Task to carry out: There are pictures in the records below; leave them out and set down exactly the lines from the one holding "We go to the" through the one holding "KJ Somaya is".

Source information:

┌────────

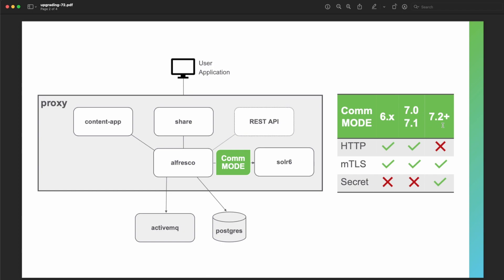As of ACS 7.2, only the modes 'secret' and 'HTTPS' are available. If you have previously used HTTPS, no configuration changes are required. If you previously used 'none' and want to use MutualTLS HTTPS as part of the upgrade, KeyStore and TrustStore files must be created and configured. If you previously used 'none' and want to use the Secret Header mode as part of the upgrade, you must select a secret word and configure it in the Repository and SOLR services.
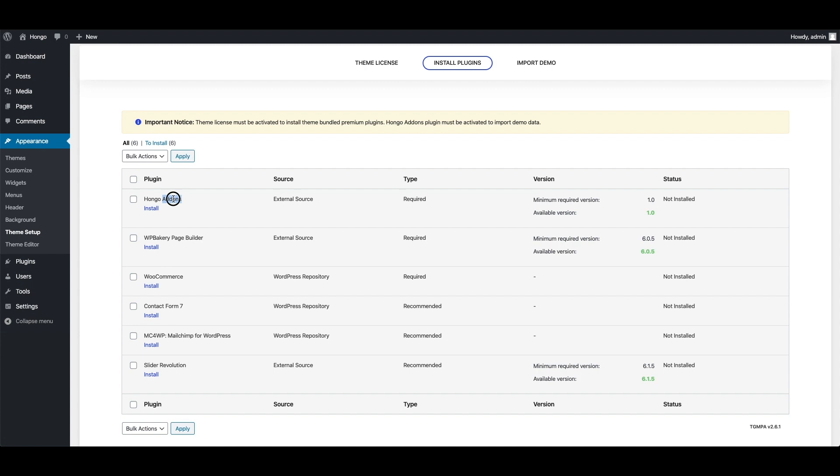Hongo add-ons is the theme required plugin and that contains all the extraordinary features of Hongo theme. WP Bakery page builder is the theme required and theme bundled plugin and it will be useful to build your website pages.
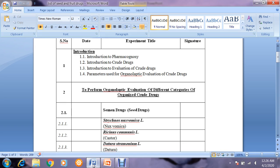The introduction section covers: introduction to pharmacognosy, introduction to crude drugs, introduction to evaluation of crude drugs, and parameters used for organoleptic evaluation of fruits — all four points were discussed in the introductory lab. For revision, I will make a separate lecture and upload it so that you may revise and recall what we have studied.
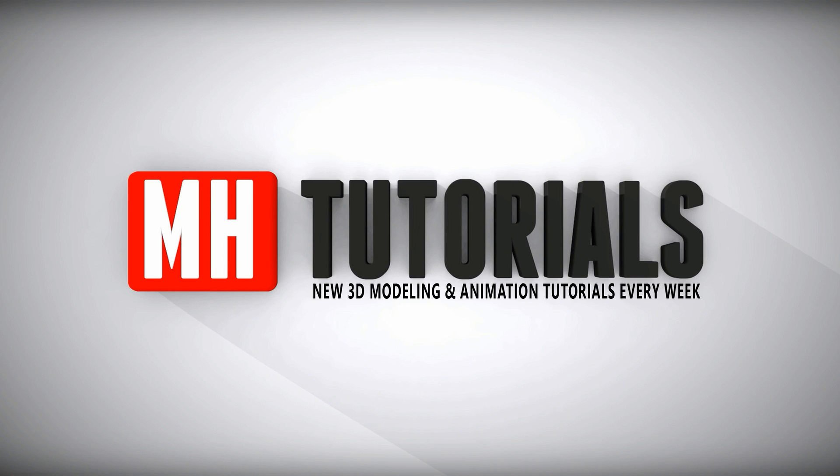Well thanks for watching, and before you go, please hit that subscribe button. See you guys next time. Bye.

└────────
┌────────

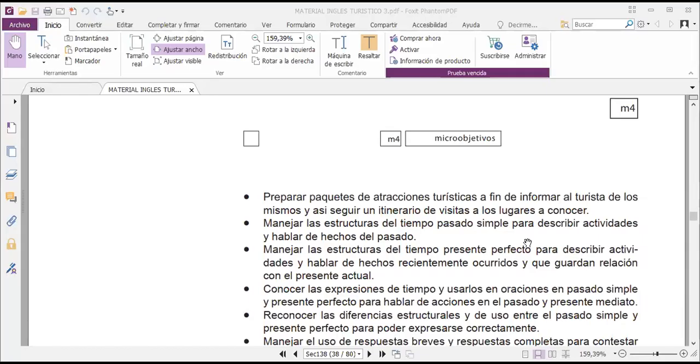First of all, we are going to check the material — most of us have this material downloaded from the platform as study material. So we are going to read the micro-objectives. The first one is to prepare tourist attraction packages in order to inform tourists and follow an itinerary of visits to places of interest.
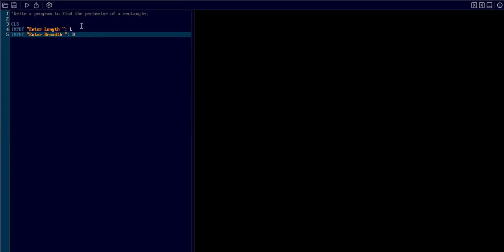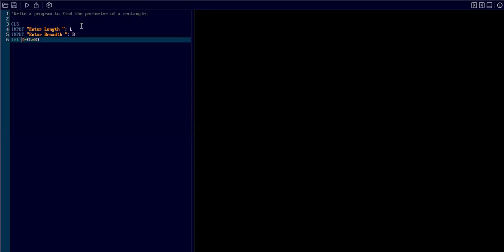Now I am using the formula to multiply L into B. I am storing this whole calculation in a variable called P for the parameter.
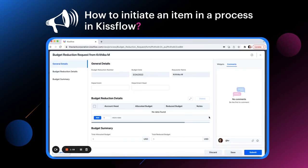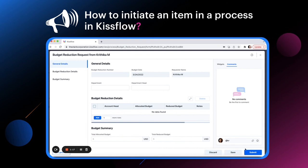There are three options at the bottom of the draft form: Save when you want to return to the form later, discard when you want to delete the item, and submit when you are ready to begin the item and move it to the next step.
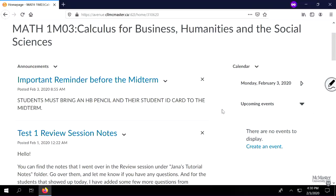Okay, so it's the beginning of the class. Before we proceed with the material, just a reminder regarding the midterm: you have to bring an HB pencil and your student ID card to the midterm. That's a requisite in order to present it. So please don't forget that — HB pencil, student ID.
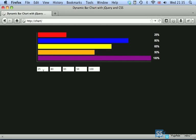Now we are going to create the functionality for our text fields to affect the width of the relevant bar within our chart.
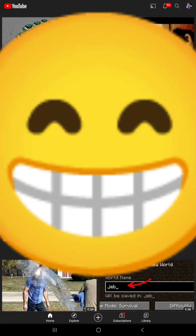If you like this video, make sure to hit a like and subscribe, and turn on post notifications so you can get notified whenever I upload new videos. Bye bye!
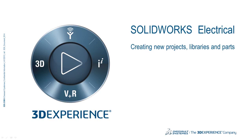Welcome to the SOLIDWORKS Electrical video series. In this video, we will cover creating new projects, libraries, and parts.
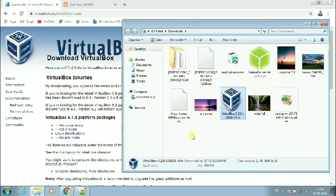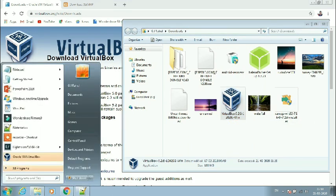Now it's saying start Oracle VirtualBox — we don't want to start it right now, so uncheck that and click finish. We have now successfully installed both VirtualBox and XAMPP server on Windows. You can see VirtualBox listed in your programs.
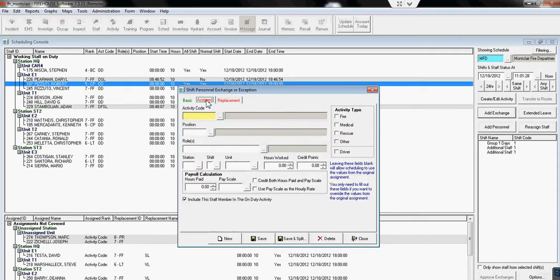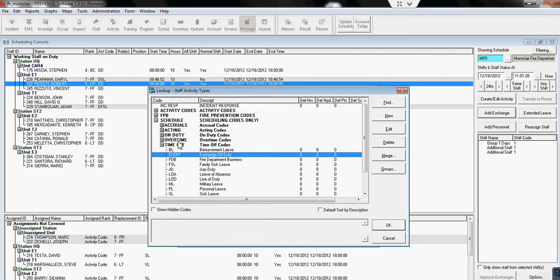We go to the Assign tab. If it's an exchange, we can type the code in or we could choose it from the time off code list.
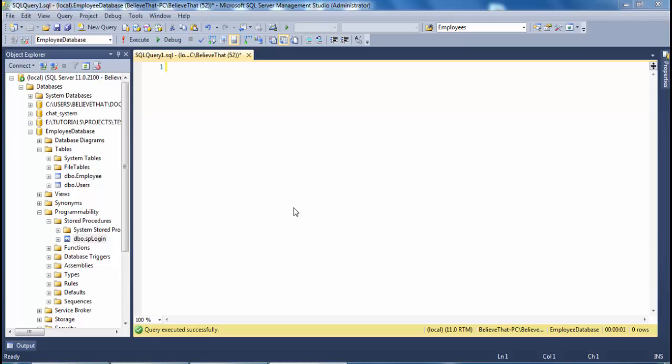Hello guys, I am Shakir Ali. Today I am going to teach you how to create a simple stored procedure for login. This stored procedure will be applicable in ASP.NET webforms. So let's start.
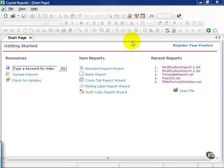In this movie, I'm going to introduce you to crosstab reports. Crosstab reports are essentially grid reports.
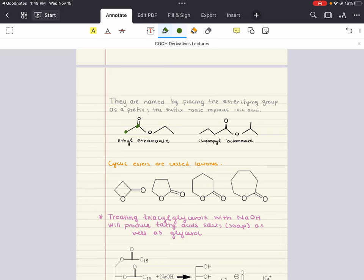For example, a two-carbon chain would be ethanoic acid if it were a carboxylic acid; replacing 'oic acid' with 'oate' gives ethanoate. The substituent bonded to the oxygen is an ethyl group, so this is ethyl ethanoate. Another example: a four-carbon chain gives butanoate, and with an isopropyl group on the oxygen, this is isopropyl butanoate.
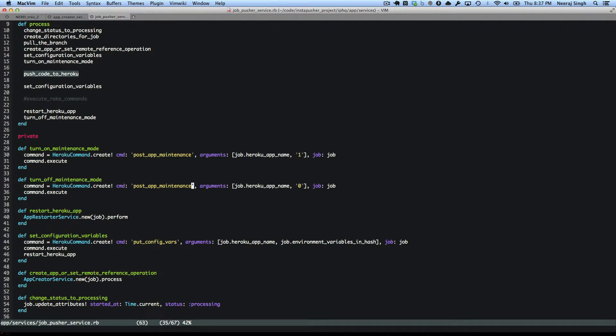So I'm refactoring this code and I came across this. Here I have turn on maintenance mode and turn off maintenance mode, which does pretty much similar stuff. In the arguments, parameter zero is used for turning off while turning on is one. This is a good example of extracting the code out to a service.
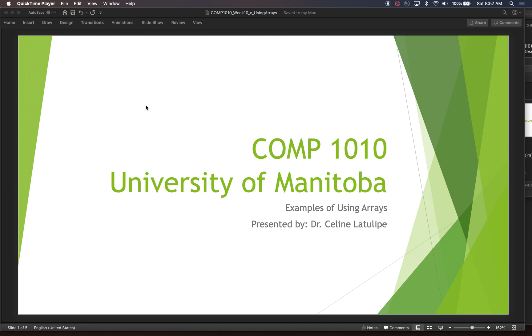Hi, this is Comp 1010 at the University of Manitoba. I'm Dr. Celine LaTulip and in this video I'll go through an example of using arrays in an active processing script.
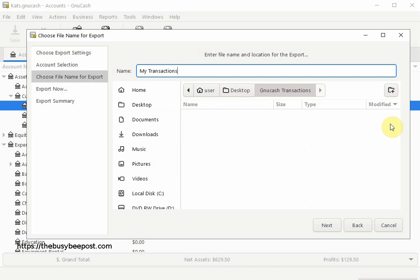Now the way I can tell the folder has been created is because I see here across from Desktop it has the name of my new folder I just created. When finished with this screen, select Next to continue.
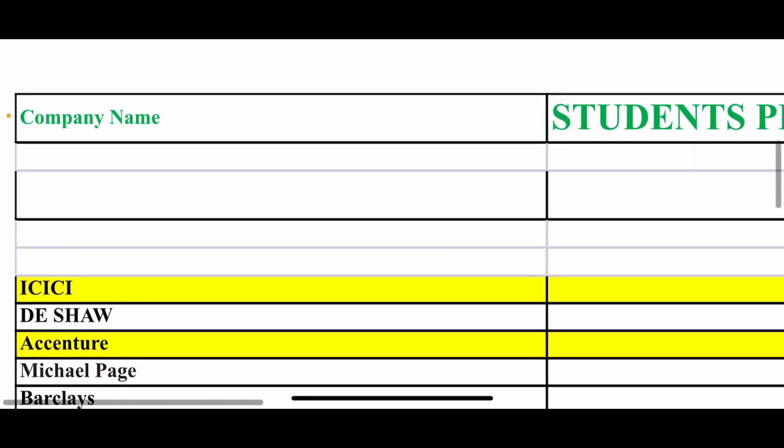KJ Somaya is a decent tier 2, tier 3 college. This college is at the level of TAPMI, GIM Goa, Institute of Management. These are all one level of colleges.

└────────

Finished exercise:
We go to the Assign tab. If it's an exchange, we can type the code in or we could choose it from the time off code list.
Hello guys, I am Shakir Ali. Today I am going to teach you how to create a simple stored procedure for login. This stored procedure will be applicable in ASP.NET webforms. So let's start.
In this movie, I'm going to introduce you to crosstab reports. Crosstab reports are essentially grid reports.
For example, a two-carbon chain would be ethanoic acid if it were a carboxylic acid; replacing 'oic acid' with 'oate' gives ethanoate. The substituent bonded to the oxygen is an ethyl group, so this is ethyl ethanoate. Another example: a four-carbon chain gives butanoate, and with an isopropyl group on the oxygen, this is isopropyl butanoate.
So I'm refactoring this code and I came across this. Here I have turn on maintenance mode and turn off maintenance mode, which does pretty much similar stuff. In the arguments, parameter zero is used for turning off while turning on is one. This is a good example of extracting the code out to a service.
Hi, this is Comp 1010 at the University of Manitoba. I'm Dr. Celine LaTulip and in this video I'll go through an example of using arrays in an active processing script.
Now the way I can tell the folder has been created is because I see here across from Desktop it has the name of my new folder I just created. When finished with this screen, select Next to continue.
KJ Somaya is a decent tier 2, tier 3 college. This college is at the level of TAPMI, GIM Goa, Institute of Management. These are all one level of colleges.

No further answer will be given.